On aura donc pour les attendre un cabinet secret etc.

(Les clavicules du rabbi Salomon, chap. III.) Il importe que, nous qui cherchons à atteindre les hauteurs sublimes, nous nous efforcions d'abord de laisser derrière nous les affections charnelles, la fragilité des sens, les appétits qui viennent de la matière. (Tritémius.)

Enfin j'y trouve aussi, dans une page écrite en cryptographie, la première mention de ce gardien qui veille au Seuil de la Connaissance, de ce gardien terrifiant auquel je devais être davantage initié bien des années plus tard, dans la Maison des Sages, à Bénarès : Cemis custodia qualis vestibulo sedeat ? Facies quae limina servet ? (Vois-tu quel gardien est assis à l'entrée ? Quelle figure terrible veille sur le seuil ?)…

XLI

Vers la fin d'un de ces jeudis que je consacrais maintenant tous à mon amie, l'étoile des brasseries du Quartier latin, une scène survint entre nous deux ; et ce fut comme toujours, à propos de sa manie de me poser des questions intimes sur mon passé : « Pas de famille, pas de famille, disait-elle, mais tout de même tu as toujours bien eu une mère ? » – « Non, je t'ai déjà dit que non ! » répondis-je, avec une dureté cassante, comme si, rien qu'en prononçant ce mot-là, elle m'avait outragé. – « Vraiment, reprit-elle, en baissant la tête… Enfin oui, va, j'ai compris…, tu ne veux même pas que je touche à ça ! » Et son regard, qui se releva lentement sur moi, avait une expression à la fois si humiliée et si torturée, qu'il me pénétra cette fois jusqu'au fond de l'âme.

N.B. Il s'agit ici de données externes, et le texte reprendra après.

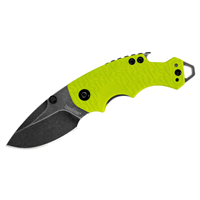 SHUFFLE BLACKWASH FINISH KNIFE, LIME GRE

Je partis parce que l'heure me pressait, mais je me promis bien d'être plus doux jeudi prochain, et ses pauvres yeux de soumission et de détresse me poursuivirent, au milieu de la foule joyeuse des étudiants, dans le glacial crépuscule du boulevard Saint-Michel. Je croyais sentir qu'elle avait eu sans doute une famille pas trop dégradée, un jeune frère peut-être qui l'avait fait souffrir et que je lui rappelais, ou même un fils qui, à la rigueur, aurait pu être de mon âge… En somme, son obstination à vouloir connaître un peu de ma vie n'était qu'une preuve d'affection assez profonde, et je n'aurais pas dû être si hautain.

Le jeudi suivant, quand je me présentai, à l'heure convenue, personne ne vint m'ouvrir. M'entendant sonner avec insistance, une jeune dinde qui demeurait sur le même palier entrouvrit sa porte :

« Ah ! c'est vous ? – dit-elle avec un air de connivence qui m'agaça.